EXERCISE MATERIAL START

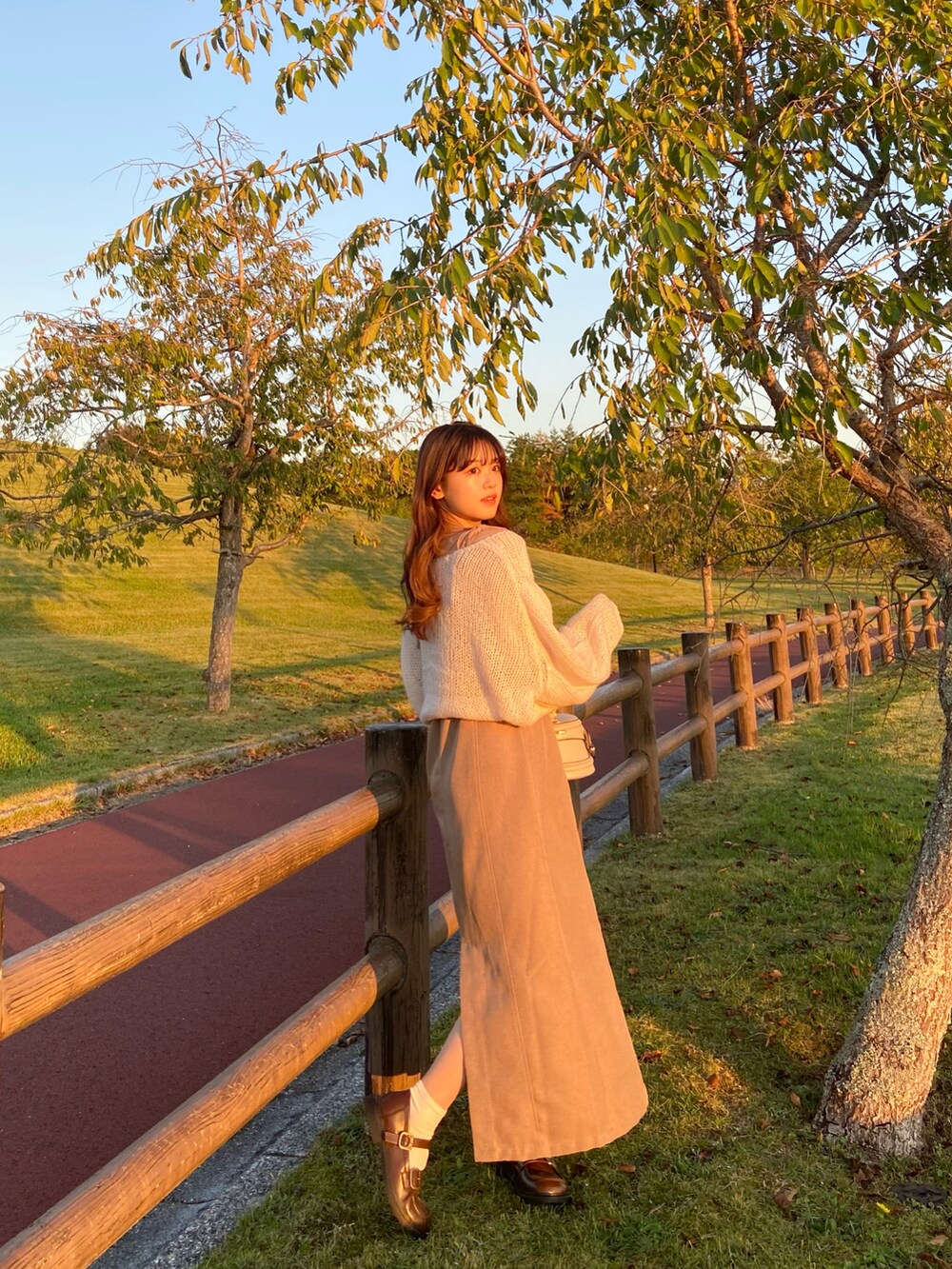 ブラウン系のワンピース、ベージュ系のニット/セーター、ブラウン系のローファーを着用したレディースの秋コーディネートの3枚目の写真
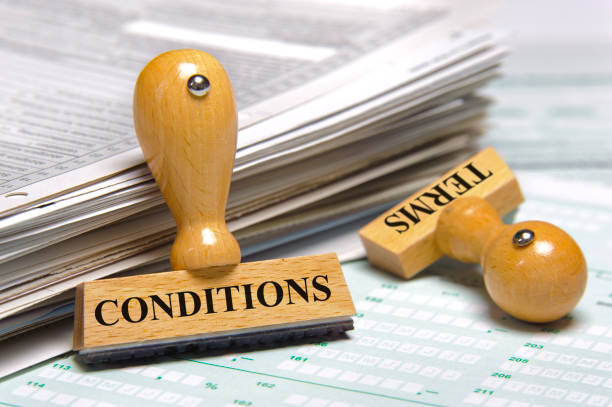 istock terms and conditions printed on rubber stamp 993779518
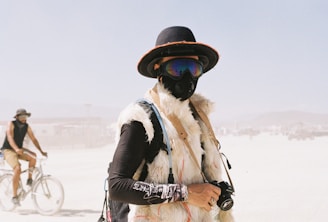 A person dressed in artistic attire stands in a desert setting, wearing a black hat with an orange rim, mirrored goggles, and a gas mask. Their outfit includes a furry vest and various accessories, including a camera they hold. In the background, another person rides a bicycle amidst a hazy atmosphere, suggesting a festival or event.
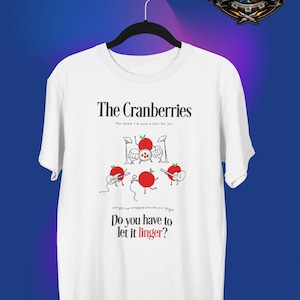 May include: White t-shirt with "The Cranberries" band name and lyrics. The design features cartoon red fruit characters playing instruments. The text "Do you have to let it linger?" is also displayed.
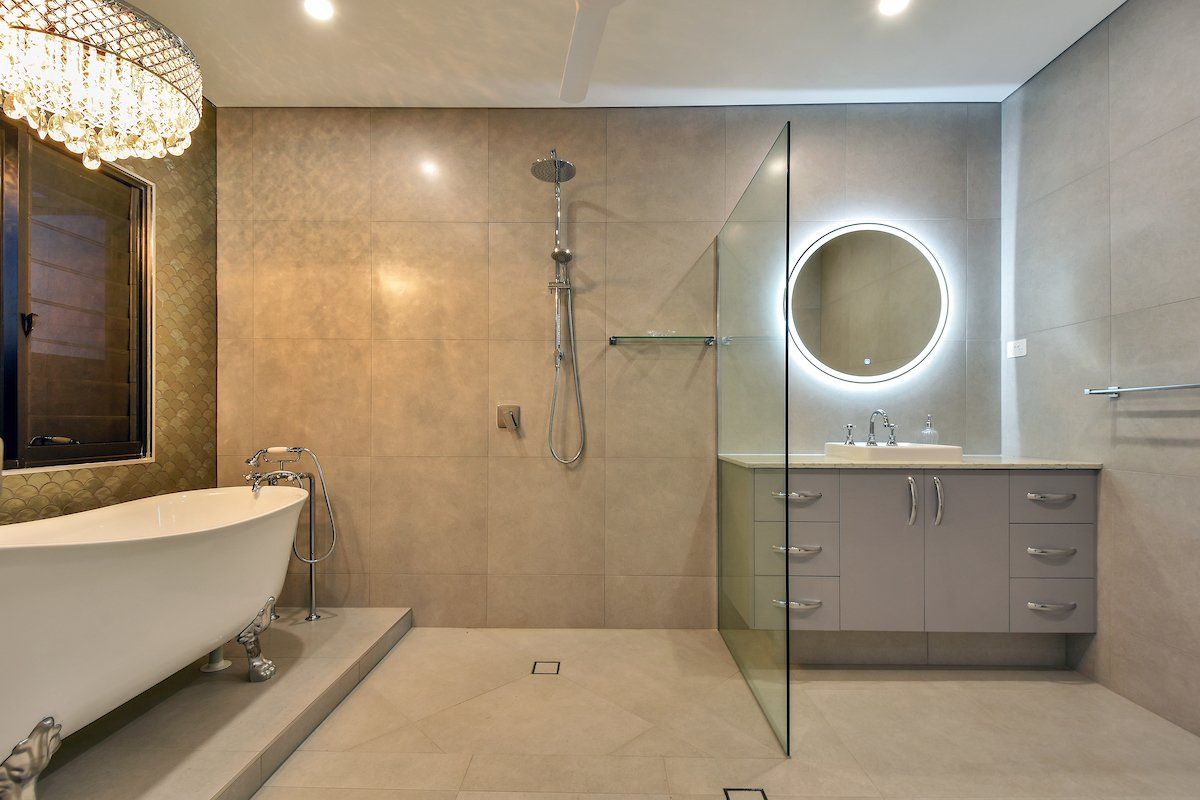 A bathroom with a bathtub , sink , shower and mirror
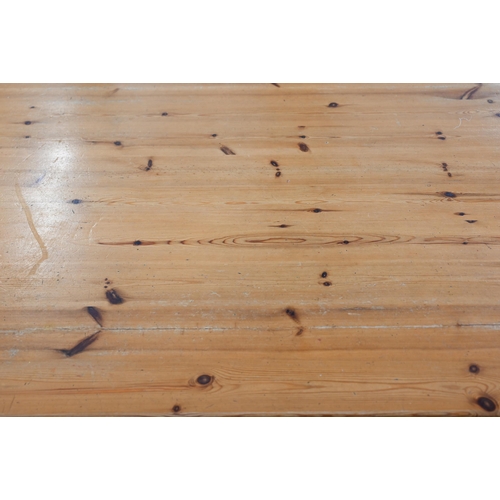 552 - Stained pine kitchen dining table on turned supports, 182 cm wide x 90 cm deep x 78 cm high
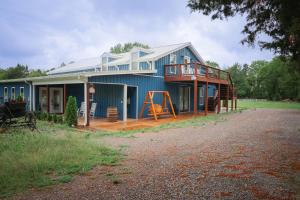 una casa blu con portico e terrazza di The Blue Barn at the MeadowCreek a Murfreesboro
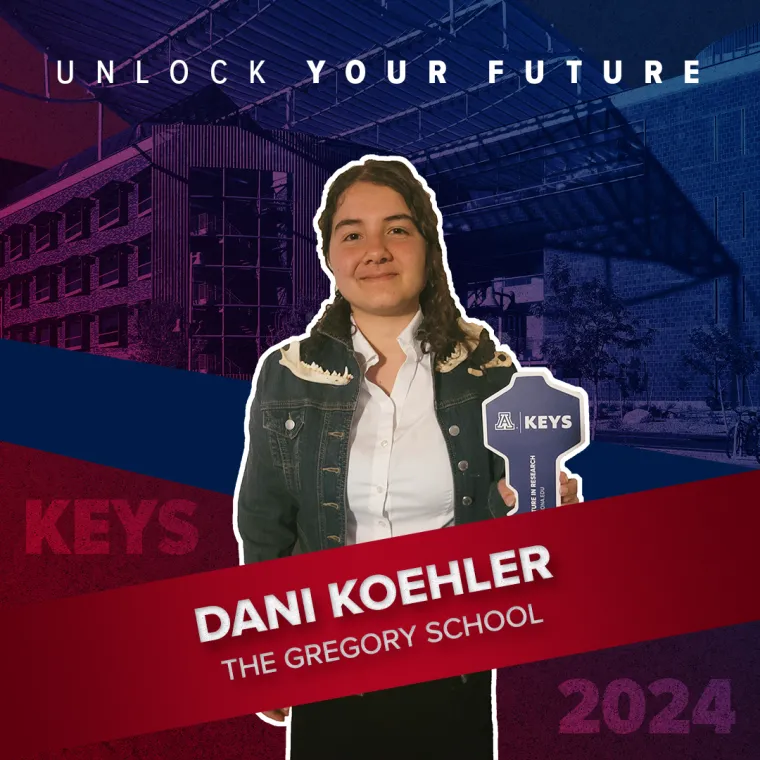 A high school student holding a paper key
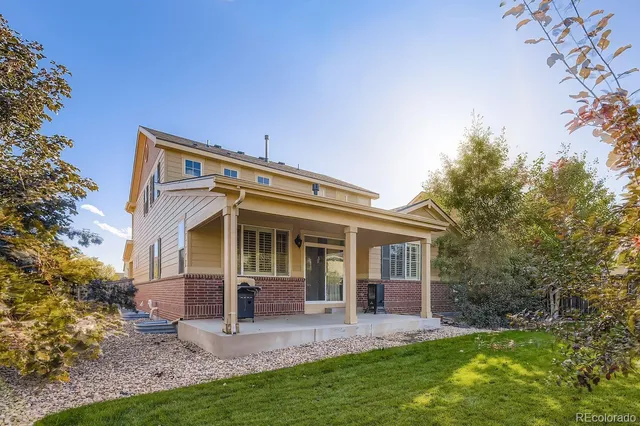 a view of a house with a yard and porch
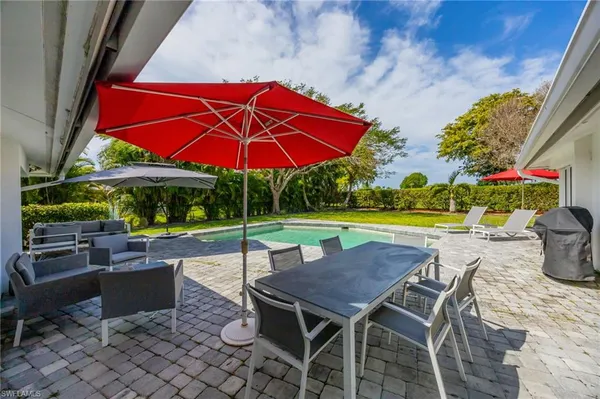 $7,000 | 409 Cypress Way East, Naples, FL 34110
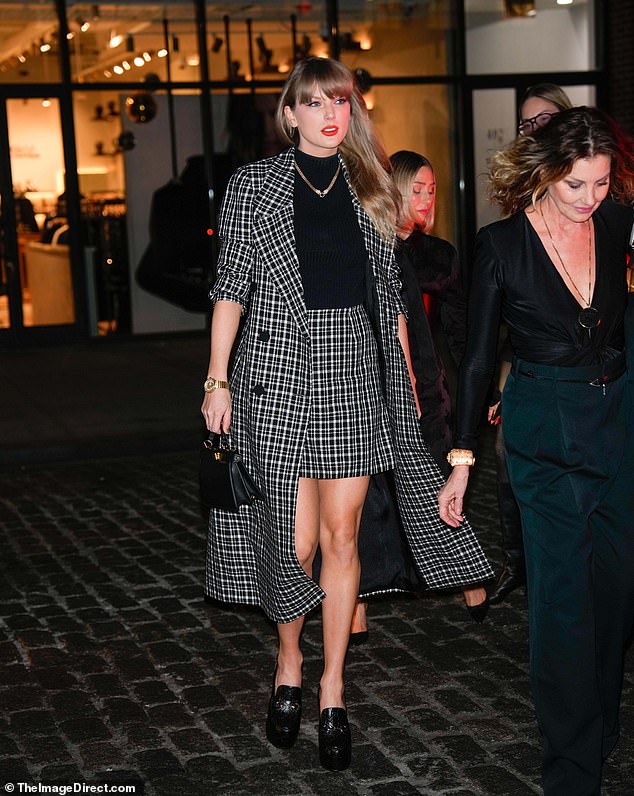 The songstress enjoyed a girls' night out with none other than country legend Faith Hill at the private, members-only club Chez Margaux in New York City on Tuesday night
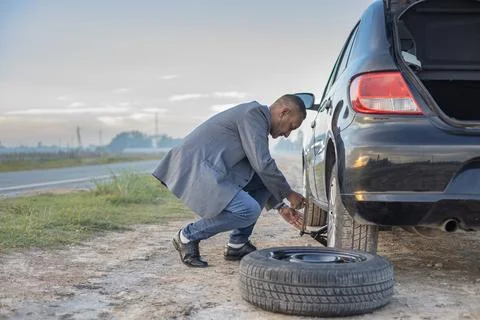 Latino man on suit changes a flat tire on his car at the side of the road w.. Stock Photos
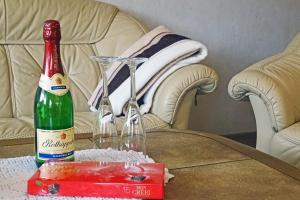 a bottle of champagne and glasses on a table at Mee(h)r in Hasselberg +15 photos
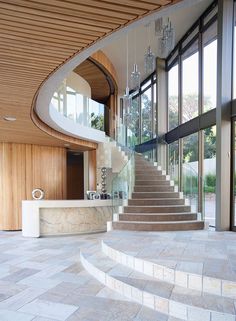 a staircase leading up to the upper level of a house with glass walls and wood paneling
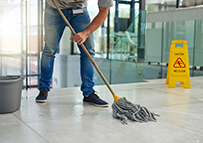 custodian mopping the floor with wet floor sign nearby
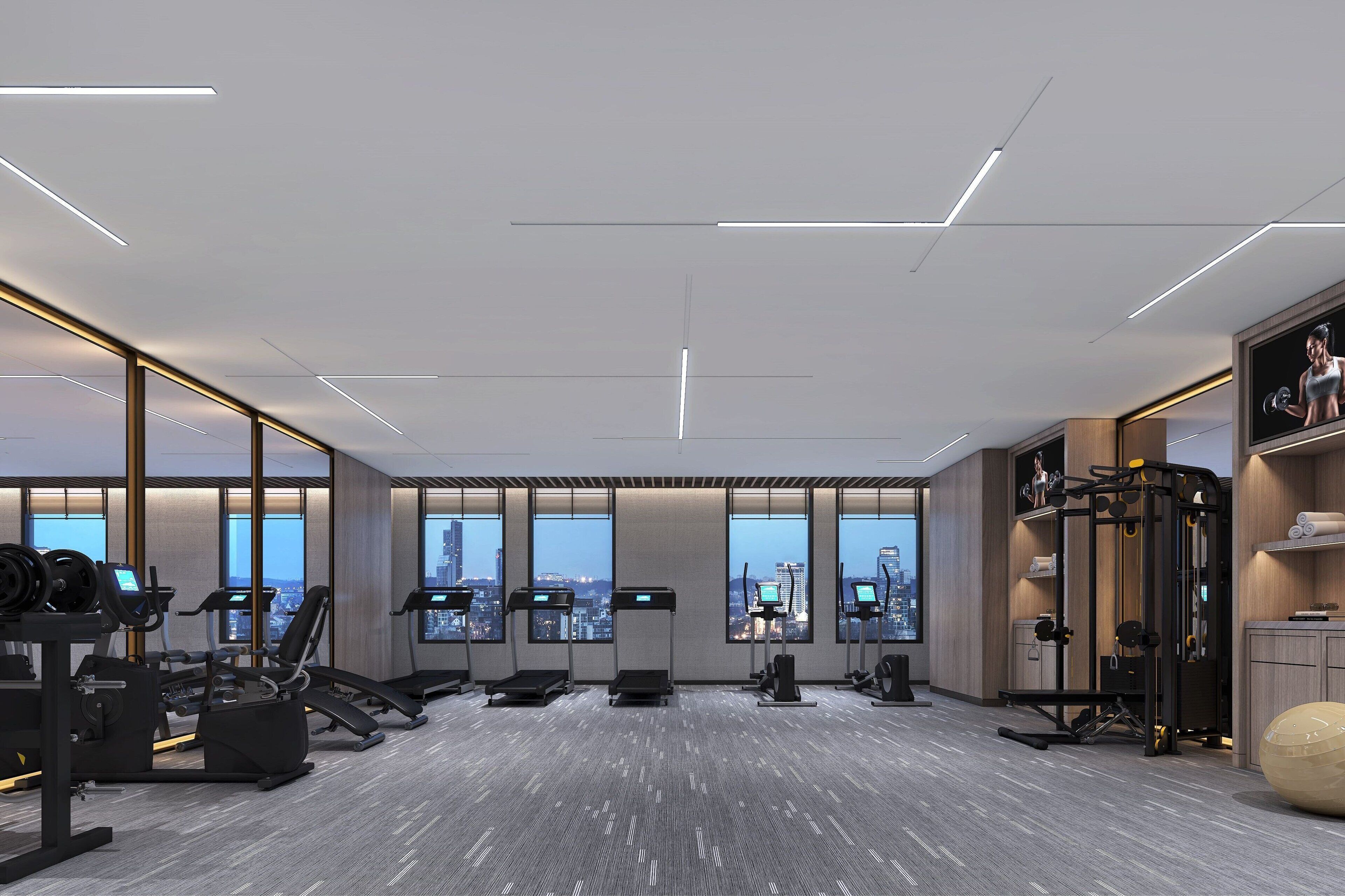 Un gimnasio moderno con máquinas de cardio, equipo de levantamiento de pesas y amplias ventanas con vistas a la ciudad.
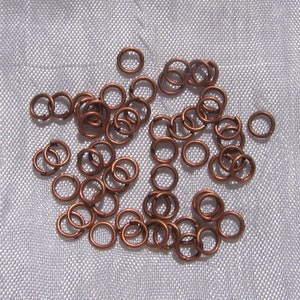 Puede incluir: Un conjunto de pequeños anillos de salto de color cobre dispersos sobre una superficie gris claro. Los anillos son circulares con una pequeña abertura, lo que sugiere su uso en la fabricación de joyas o manualidades. El cálido tono metálico contrasta con el fondo neutro.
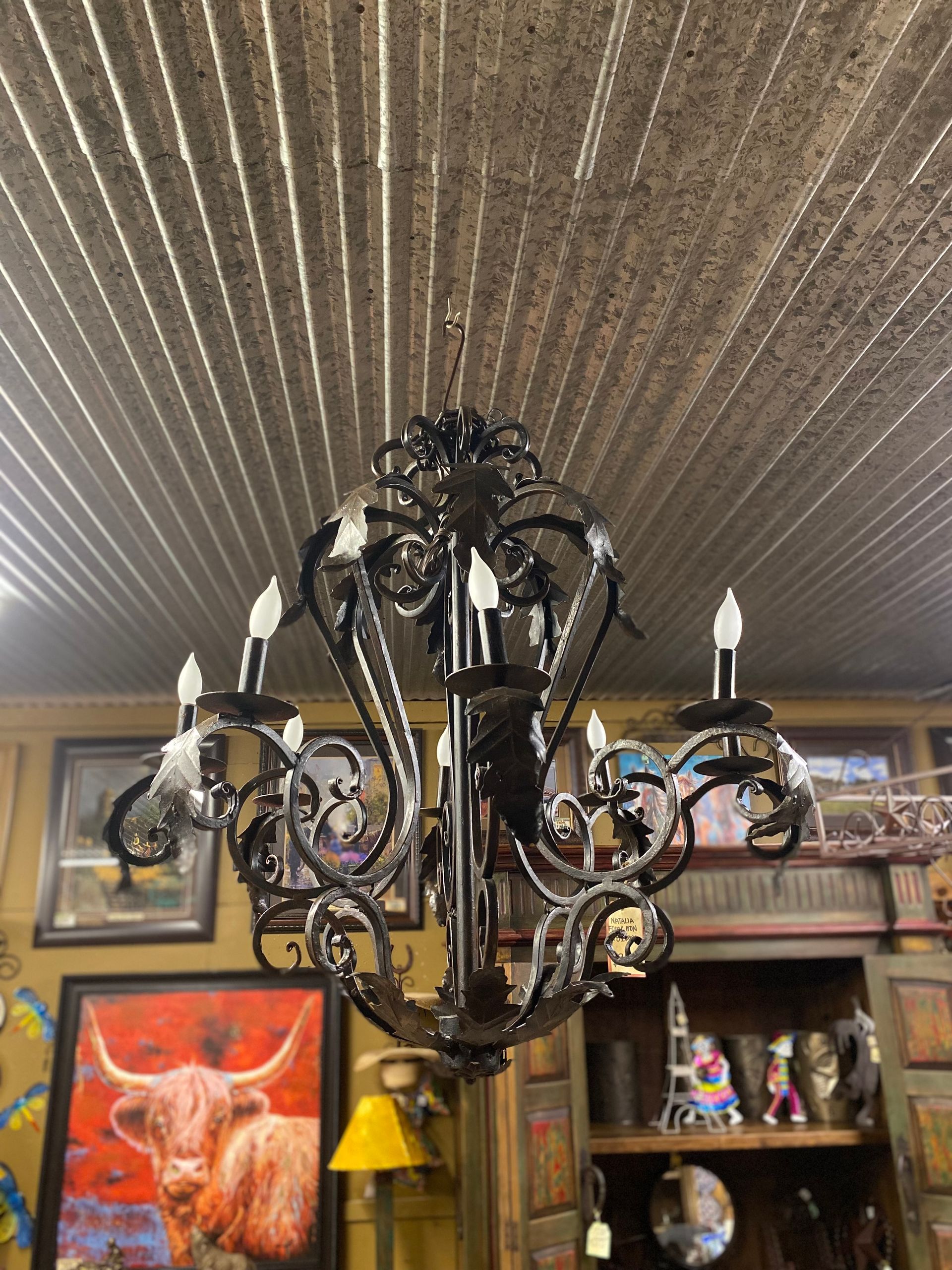 Black wrought iron chandelier hanging from a corrugated metal ceiling, displaying six candelabra bulbs.
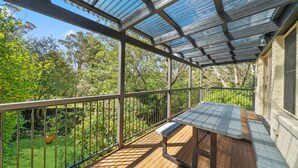 A covered outdoor deck with a bench, surrounded by a metal railing, overlooking a lush garden.
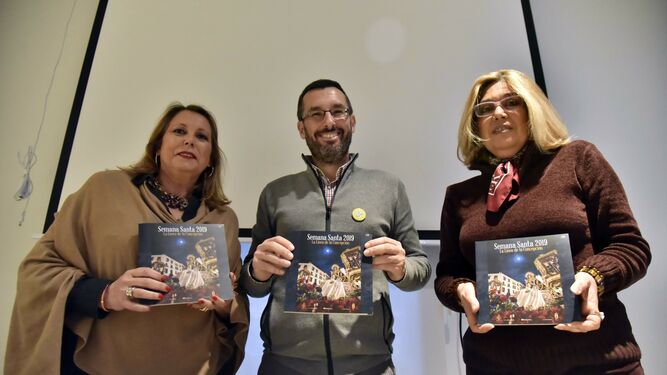 María José Cuevas, Juan Franco y Carmen Toribio muestran la revista oficial de la Semana Santa de La Línea.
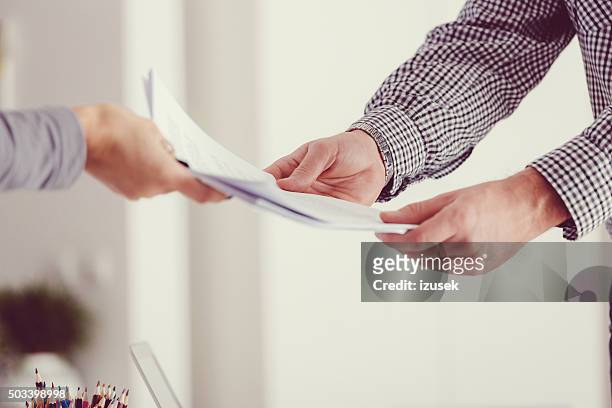 people holding documents, close up of hands - geven stockfoto's en -beelden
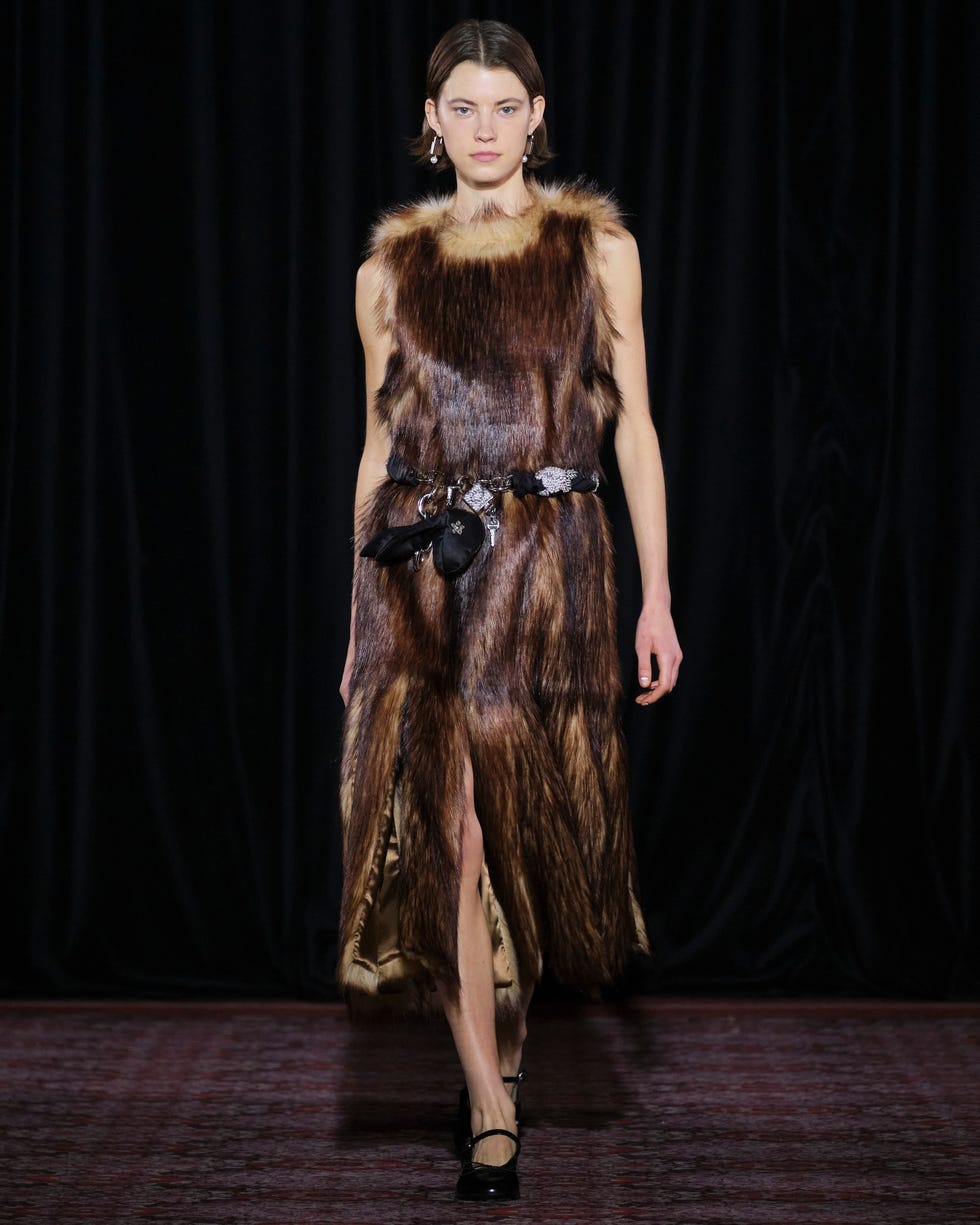 fashion model showcasing a fur dress with a slit and a decorative belt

EXERCISE MATERIAL END

▸ **WORK ITEM**
Copy out every line of the material above exactly, skipping the pictures.

▸ **RESPONSE TO THE TASK**
 ブラウン系のワンピース、ベージュ系のニット/セーター、ブラウン系のローファーを着用したレディースの秋コーディネートの3枚目の写真
 istock terms and conditions printed on rubber stamp 993779518
 A person dressed in artistic attire stands in a desert setting, wearing a black hat with an orange rim, mirrored goggles, and a gas mask. Their outfit includes a furry vest and various accessories, including a camera they hold. In the background, another person rides a bicycle amidst a hazy atmosphere, suggesting a festival or event.
 May include: White t-shirt with "The Cranberries" band name and lyrics. The design features cartoon red fruit characters playing instruments. The text "Do you have to let it linger?" is also displayed.
 A bathroom with a bathtub , sink , shower and mirror
 552 - Stained pine kitchen dining table on turned supports, 182 cm wide x 90 cm deep x 78 cm high
 una casa blu con portico e terrazza di The Blue Barn at the MeadowCreek a Murfreesboro
 A high school student holding a paper key
 a view of a house with a yard and porch
 $7,000 | 409 Cypress Way East, Naples, FL 34110
 The songstress enjoyed a girls' night out with none other than country legend Faith Hill at the private, members-only club Chez Margaux in New York City on Tuesday night
 Latino man on suit changes a flat tire on his car at the side of the road w.. Stock Photos
 a bottle of champagne and glasses on a table at Mee(h)r in Hasselberg +15 photos
 a staircase leading up to the upper level of a house with glass walls and wood paneling
 custodian mopping the floor with wet floor sign nearby
 Un gimnasio moderno con máquinas de cardio, equipo de levantamiento de pesas y amplias ventanas con vistas a la ciudad.
 Puede incluir: Un conjunto de pequeños anillos de salto de color cobre dispersos sobre una superficie gris claro. Los anillos son circulares con una pequeña abertura, lo que sugiere su uso en la fabricación de joyas o manualidades. El cálido tono metálico contrasta con el fondo neutro.
 Black wrought iron chandelier hanging from a corrugated metal ceiling, displaying six candelabra bulbs.
 A covered outdoor deck with a bench, surrounded by a metal railing, overlooking a lush garden.
 María José Cuevas, Juan Franco y Carmen Toribio muestran la revista oficial de la Semana Santa de La Línea.
 people holding documents, close up of hands - geven stockfoto's en -beelden
 fashion model showcasing a fur dress with a slit and a decorative belt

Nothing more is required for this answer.